Short descriptive text snippets:

===

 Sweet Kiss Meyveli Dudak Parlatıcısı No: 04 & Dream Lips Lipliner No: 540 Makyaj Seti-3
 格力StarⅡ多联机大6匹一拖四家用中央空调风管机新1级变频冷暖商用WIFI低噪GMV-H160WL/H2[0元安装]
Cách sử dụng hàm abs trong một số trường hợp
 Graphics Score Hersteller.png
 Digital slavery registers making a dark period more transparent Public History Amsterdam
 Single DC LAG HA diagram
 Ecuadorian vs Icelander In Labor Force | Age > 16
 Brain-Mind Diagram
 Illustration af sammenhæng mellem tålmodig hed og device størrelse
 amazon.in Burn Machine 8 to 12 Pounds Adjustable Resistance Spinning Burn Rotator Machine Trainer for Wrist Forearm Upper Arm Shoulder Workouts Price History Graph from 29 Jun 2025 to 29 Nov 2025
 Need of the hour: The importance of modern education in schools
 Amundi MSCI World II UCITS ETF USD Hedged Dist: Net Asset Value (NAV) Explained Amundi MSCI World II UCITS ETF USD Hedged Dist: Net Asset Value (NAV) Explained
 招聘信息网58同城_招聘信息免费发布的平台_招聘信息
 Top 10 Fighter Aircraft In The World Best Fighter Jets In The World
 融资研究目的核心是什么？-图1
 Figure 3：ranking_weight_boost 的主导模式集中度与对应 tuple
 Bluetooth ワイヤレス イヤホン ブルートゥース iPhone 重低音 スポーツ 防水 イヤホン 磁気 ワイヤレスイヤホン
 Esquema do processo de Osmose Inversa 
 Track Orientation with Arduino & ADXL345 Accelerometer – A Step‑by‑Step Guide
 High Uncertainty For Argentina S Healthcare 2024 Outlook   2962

===

## [How to complete this task]
Each line from the one containing "Illustration af sammenhæng" through the last line of the entries is to be copied exactly, with no other lines added.

## [Answer space]
 Illustration af sammenhæng mellem tålmodig hed og device størrelse
 amazon.in Burn Machine 8 to 12 Pounds Adjustable Resistance Spinning Burn Rotator Machine Trainer for Wrist Forearm Upper Arm Shoulder Workouts Price History Graph from 29 Jun 2025 to 29 Nov 2025
 Need of the hour: The importance of modern education in schools
 Amundi MSCI World II UCITS ETF USD Hedged Dist: Net Asset Value (NAV) Explained Amundi MSCI World II UCITS ETF USD Hedged Dist: Net Asset Value (NAV) Explained
 招聘信息网58同城_招聘信息免费发布的平台_招聘信息
 Top 10 Fighter Aircraft In The World Best Fighter Jets In The World
 融资研究目的核心是什么？-图1
 Figure 3：ranking_weight_boost 的主导模式集中度与对应 tuple
 Bluetooth ワイヤレス イヤホン ブルートゥース iPhone 重低音 スポーツ 防水 イヤホン 磁気 ワイヤレスイヤホン
 Esquema do processo de Osmose Inversa 
 Track Orientation with Arduino & ADXL345 Accelerometer – A Step‑by‑Step Guide
 High Uncertainty For Argentina S Healthcare 2024 Outlook   2962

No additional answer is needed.